Trillian log sequencing: demystified?

Rasmus Dahlberg, 2021-02-09.

One way to view Trillian is as a database with an append-only Merkle tree. That Merkle tree is managed by a separate component called a log signer. It runs in a dedicated process that basically merges pending leaves that have yet to be incorporated into the Merkle tree. This part of the log signer is structured as a sequencing job that runs periodically. I spent a few hours learning more about the details and thought shared knowledge is better.

Problem definition and overview

Trillian’s log signer comes with a whole bunch of configuration options that are spread across several different files. Some of these options are more difficult to grasp than others, such as num_sequencers, sequencer_interval, and batch_size. I don’t mean difficult as in understanding that there may be several sequencers that run periodically, but rather what that actually means in terms of concurrency and how much can be sequenced per time unit.

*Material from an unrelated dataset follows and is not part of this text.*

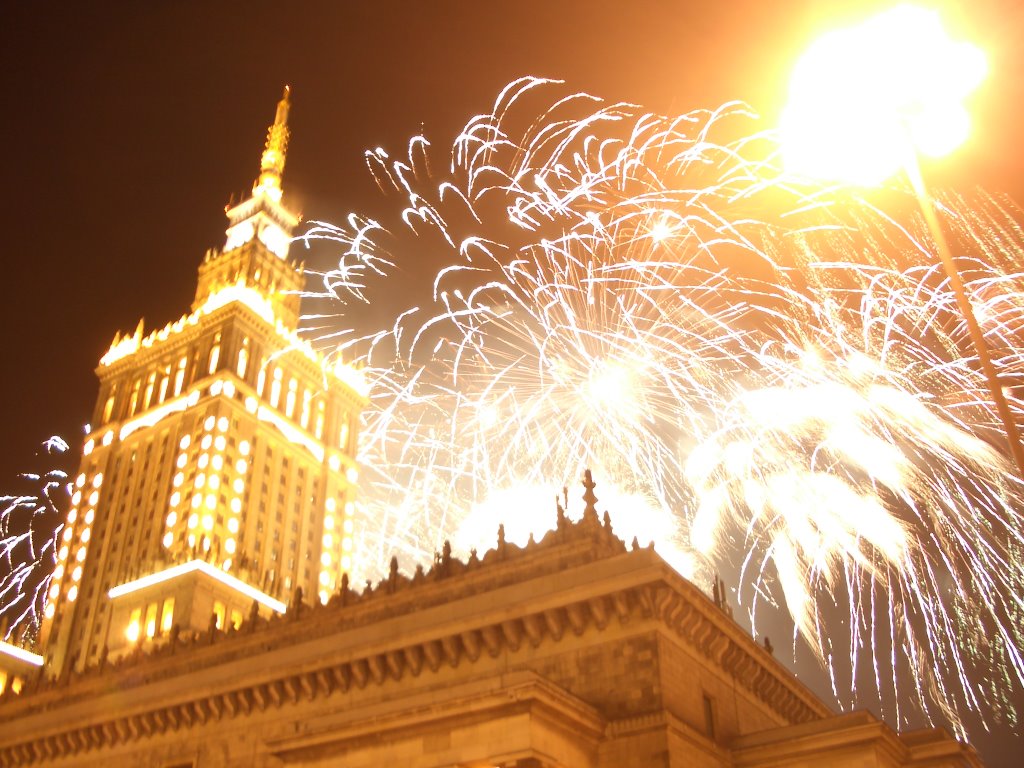 Fireworks near PKiN by Magda Sowa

The short answer is as follows:

  1. Regardless of how many sequencers you configure there will be no concurrent sequencing of a particular Merkle tree. The number of sequencers is only relevant if there are multiple Merkle trees.
  2. The sequencer interval tells you how often the log signer wakes up to do a sequencing job. It sequences no more than the configured batch size before going back to sleep. If the interval elapsed already there will be no sleep.

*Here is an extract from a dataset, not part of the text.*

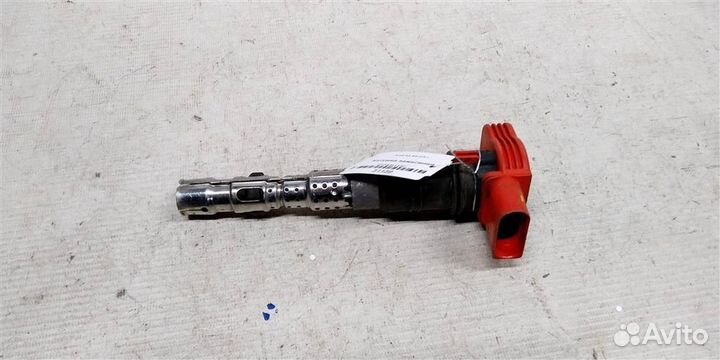 Катушка зажигания Audi A4 B8 07-12г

In other words, to avoid building up a large backlog you need to consider how often the sequencer runs and how much work it is willing to do every time. The longer answer is detailed below, and it includes a little bit of additional context regarding what you may (not) do with these three parameters. For example, the sequencer job is most reliable if it runs often over small batches.

Log signer

The most central part of the log signer is probably its forever loop. For reference it is implemented by Trillian’s operation manager, see the OperationLoop function. In a nutshell, the log signer wakes up, performs some jobs, and goes back to sleep. Pretty much a busy working day!

Coordination

Before proceeding you need to know that a log signer may manage multiple different Merkle trees. It might sound odd at first, but hopefully less so if you think about the existence of transparency applications that use temporal sharding: the split of one transparency log into multiple smaller ones so that the leaves are grouped by, say, yearly relevance like 2020 and 2021. This allows parts of the log to be retired as soon as they are no longer needed. You can also run multiple different log signers to avoid single points of failure. At most one log signer is responsible for a particular Merkle tree at a time though. This requires coordination, which is one part of the forever loop.

Sequencing

The other part is log sequencing. After waking up once per interval as defined by the configured sequencer_interval, the log signer takes a pass over all Merkle trees that it manages. A sequencing job is scheduled for each Merkle tree that the log signer is currently the master for. It is determined by an election protocol which is used for coordination in the case of multiple log signers, otherwise master is assumed as there is nothing to coordinate. Next, these jobs are distributed to a number of concurrent sequencers that work on different Merkle trees. This means that there is no concurrency whatsoever when a particular Merkle tree is being sequenced. Moreover, what is selected for sequencing is deterministic based on Trillian’s internal timestamp order and the number of leaves that the sequencer is willing to process per job.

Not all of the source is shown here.